繰り返す愚
山本太郎参議院議員が、園遊会で天皇陛下に原発問題に関する手紙を手渡したことが問題視されています。「天皇の政治利用ではないか」と。
実は、その批判そのものが、発想において山本氏の行為と同根であることに多くの人が気づかずにいるのが解せません。敬して遠ざけるか、切り札にするかの違いがあるだけで、天皇(という存在)をアンタッチャブルなツールとして扱うという点では同じです。
天皇陛下も皇后陛下も、日本国民の象徴としての振る舞いを求められます。言いたくても言えないことを胸に秘め、したくてもできないことを諦め、その葛藤を抱いて日々を過ごされていることは想像に難くありません。

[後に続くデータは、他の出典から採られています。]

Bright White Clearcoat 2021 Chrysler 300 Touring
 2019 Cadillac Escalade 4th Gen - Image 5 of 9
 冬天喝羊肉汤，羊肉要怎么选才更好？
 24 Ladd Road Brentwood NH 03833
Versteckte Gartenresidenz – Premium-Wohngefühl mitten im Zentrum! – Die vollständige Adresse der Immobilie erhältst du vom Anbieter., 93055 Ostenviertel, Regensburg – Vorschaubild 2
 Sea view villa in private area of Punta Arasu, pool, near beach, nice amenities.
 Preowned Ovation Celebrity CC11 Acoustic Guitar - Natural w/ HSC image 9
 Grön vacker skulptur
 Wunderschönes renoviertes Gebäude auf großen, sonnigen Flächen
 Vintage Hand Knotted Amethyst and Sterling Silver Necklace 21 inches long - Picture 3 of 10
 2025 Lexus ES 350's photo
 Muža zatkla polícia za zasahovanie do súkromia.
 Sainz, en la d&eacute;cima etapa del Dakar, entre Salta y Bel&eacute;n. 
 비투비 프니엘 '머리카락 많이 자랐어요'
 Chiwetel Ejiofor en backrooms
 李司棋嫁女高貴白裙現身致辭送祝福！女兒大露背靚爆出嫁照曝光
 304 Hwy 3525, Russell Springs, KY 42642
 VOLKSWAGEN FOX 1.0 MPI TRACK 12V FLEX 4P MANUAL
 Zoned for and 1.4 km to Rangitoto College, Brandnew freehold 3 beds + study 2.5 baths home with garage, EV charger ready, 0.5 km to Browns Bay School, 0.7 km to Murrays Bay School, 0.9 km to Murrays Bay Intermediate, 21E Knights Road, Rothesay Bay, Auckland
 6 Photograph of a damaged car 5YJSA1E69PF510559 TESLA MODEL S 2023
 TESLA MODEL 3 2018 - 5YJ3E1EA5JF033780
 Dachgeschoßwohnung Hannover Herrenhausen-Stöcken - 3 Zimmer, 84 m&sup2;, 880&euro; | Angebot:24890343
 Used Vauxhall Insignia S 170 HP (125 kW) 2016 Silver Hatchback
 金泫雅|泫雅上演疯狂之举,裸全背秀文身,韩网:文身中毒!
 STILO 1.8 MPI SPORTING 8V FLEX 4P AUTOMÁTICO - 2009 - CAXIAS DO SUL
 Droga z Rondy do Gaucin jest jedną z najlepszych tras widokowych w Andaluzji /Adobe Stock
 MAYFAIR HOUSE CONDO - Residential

言葉も行動も制限された天皇陛下と皇后陛下が、あのような手紙を渡されて心に小波も立てず平然としていられるとは思えません。その困惑と苦しみは如何ばかりか。
国民を愛し、国民に愛される皇室。その基本理念とともに戦後を歩んできたはずなのに、いまだに一人の人間として心を寄せられることがないのでは、昭和天皇の人間宣言とは何だったのでしょうか。
自分は国民のために正しいことをしているという独りよがりな正義感は、先の戦争において、規律違反や命令無視を犯しても、「天皇のためにしたことだから」という言い訳が免罪符になって罰せられることがなかった事例に通じます。
昭和天皇は、その事実を知りながら、立場上、自分が何もできないことに苦しんだそうです。それと同じ愚を犯そうというのでしょうか。